* ASSIGNMENT *
Pictures aside, copy exactly each line from the one that holds "Like new Black TOMS espadrilles!" through the last line of the records below.

* INPUT DATA *
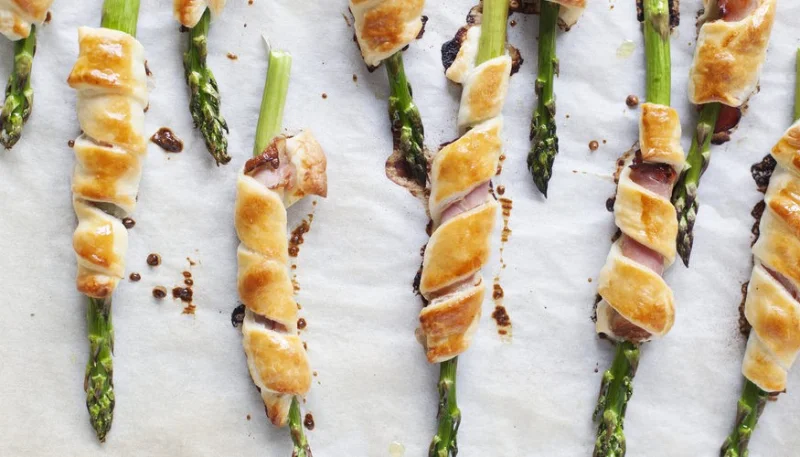 Grissini di asparagi e prosciutto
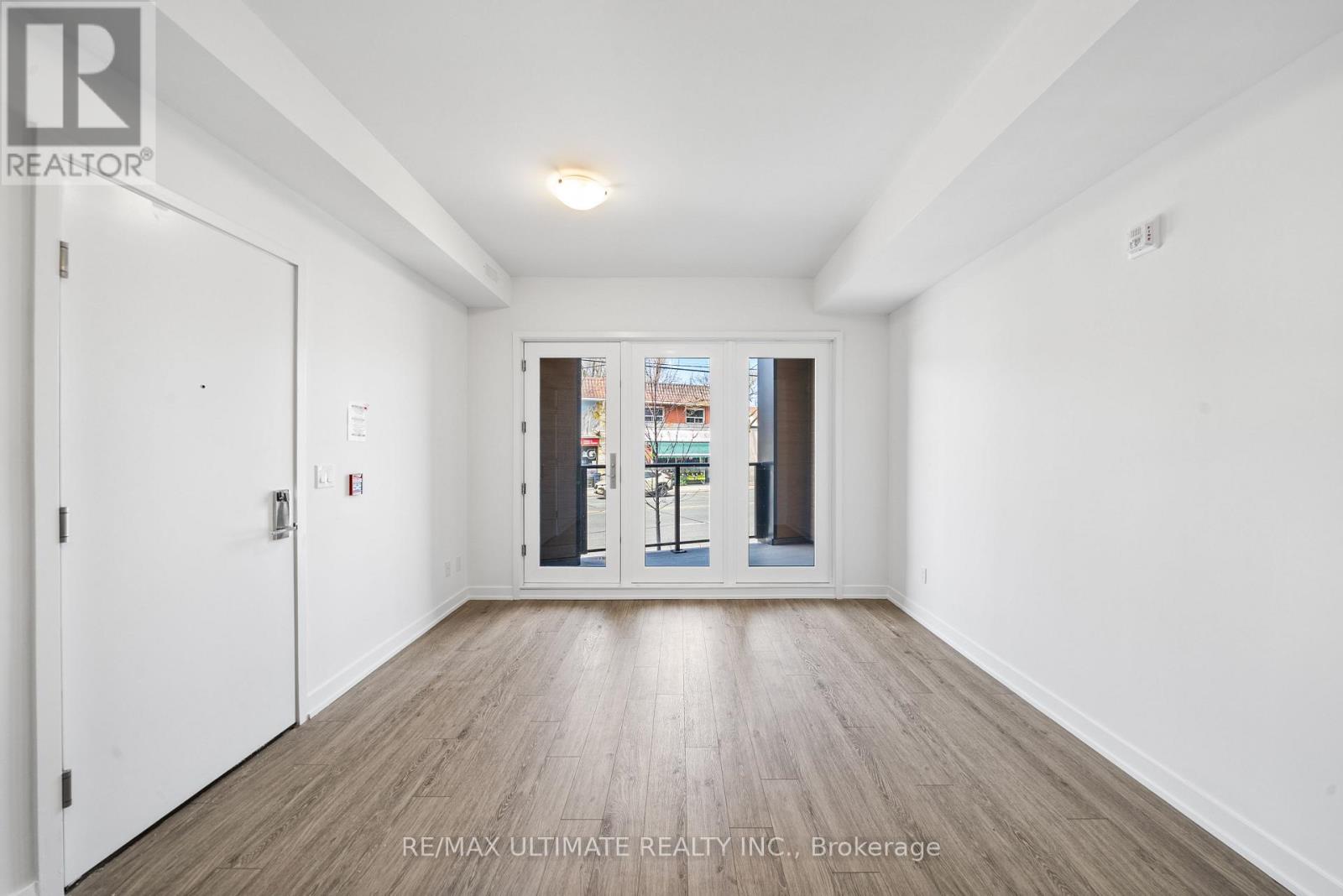 34 - 35 BIRCHCLIFF AVENUE, Toronto (Birchcliffe-Cliffside), Ontario, M1N0C1 — Photo 2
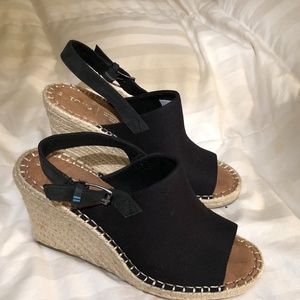 Like new Black TOMS espadrilles!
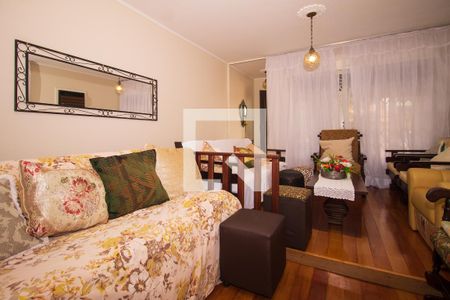 Sala de casa à venda com 4 quartos, 170m² em Medianeira, Porto Alegre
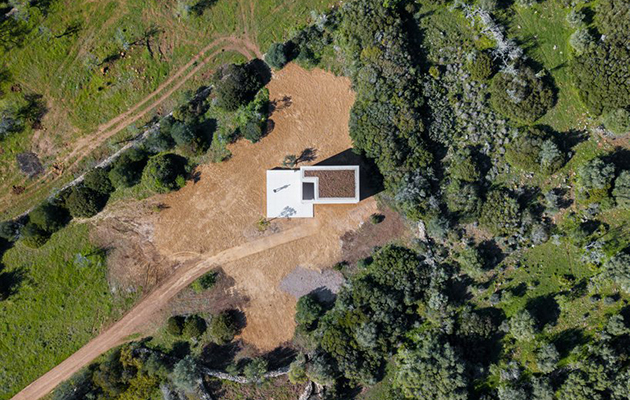 Álvaro Siza builds rustic chapel in Portugal with no light or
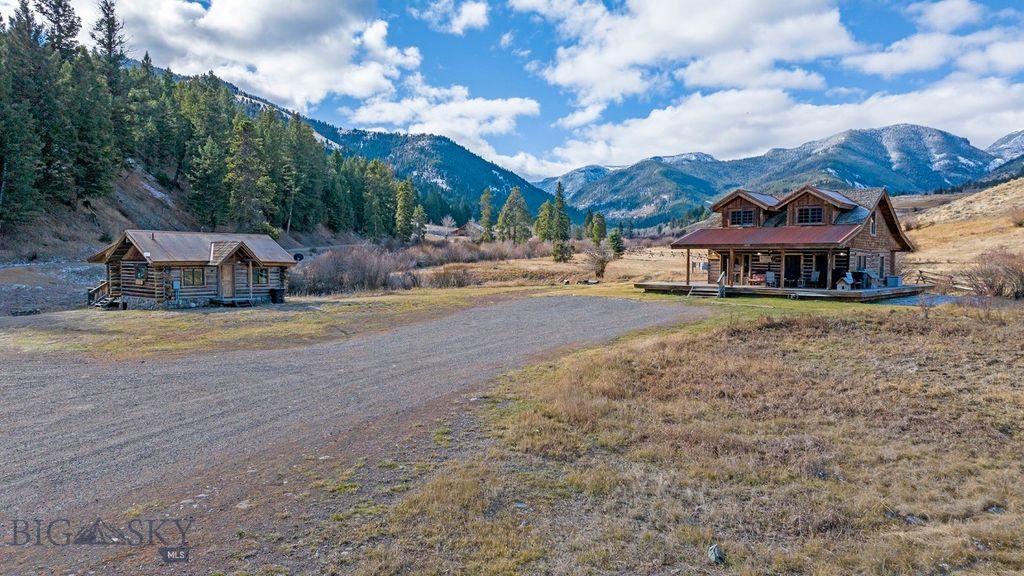569/571 Cinnabar Basin Road, Gardiner, MT 59030 photo 58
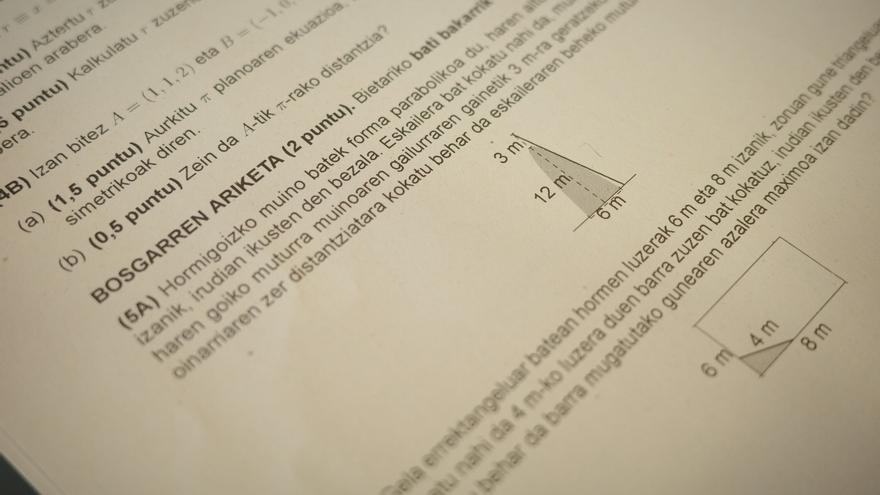 El examen que nadie esperaba: indignación y bloqueo masivo en la PAU de Bizkaia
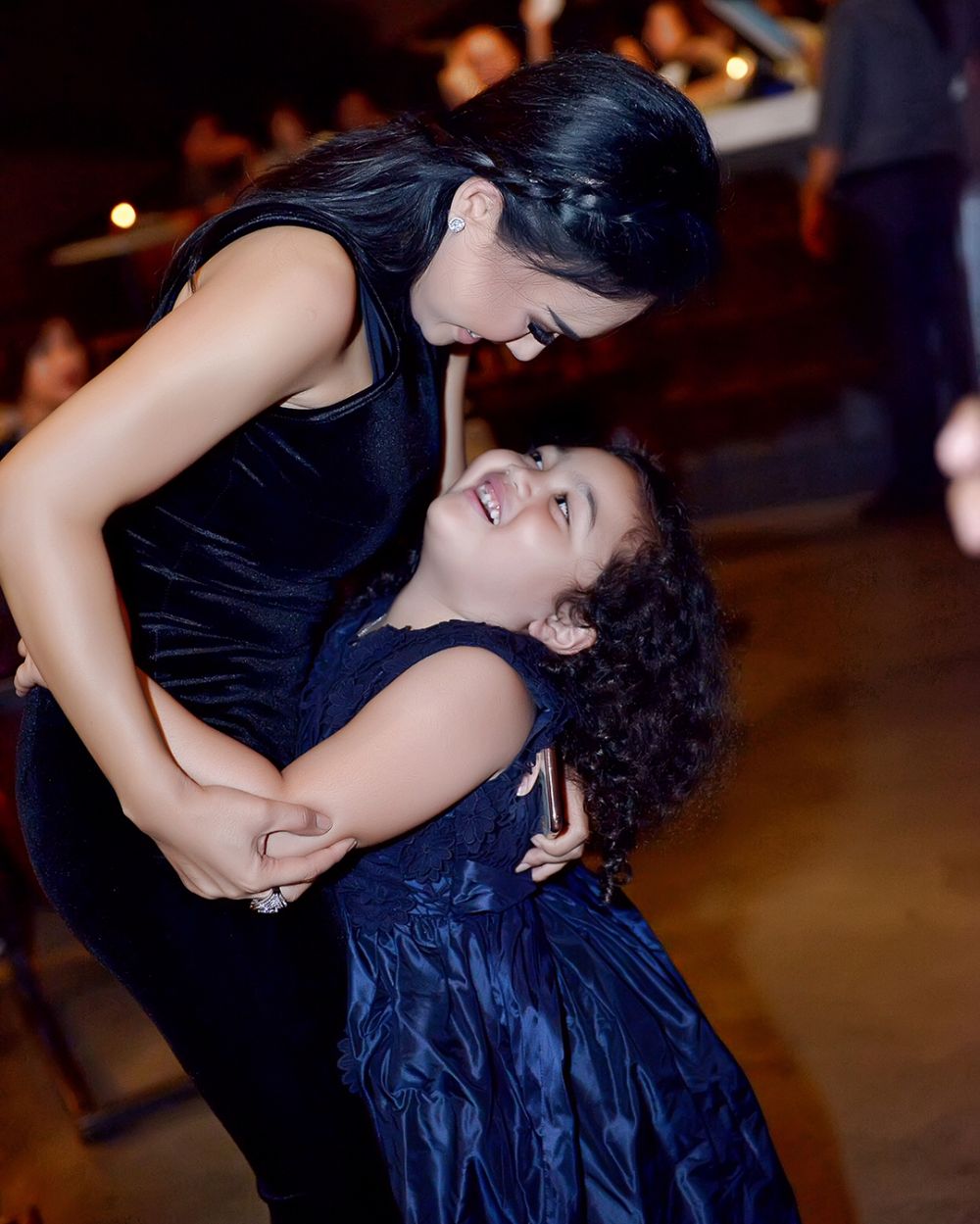 7 Potret kebersamaan anak seleb dan tantenya, bak diasuh mama ke-2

* SOLUTION *
 Like new Black TOMS espadrilles!
 Sala de casa à venda com 4 quartos, 170m² em Medianeira, Porto Alegre
 Álvaro Siza builds rustic chapel in Portugal with no light or
569/571 Cinnabar Basin Road, Gardiner, MT 59030 photo 58
 El examen que nadie esperaba: indignación y bloqueo masivo en la PAU de Bizkaia
 7 Potret kebersamaan anak seleb dan tantenya, bak diasuh mama ke-2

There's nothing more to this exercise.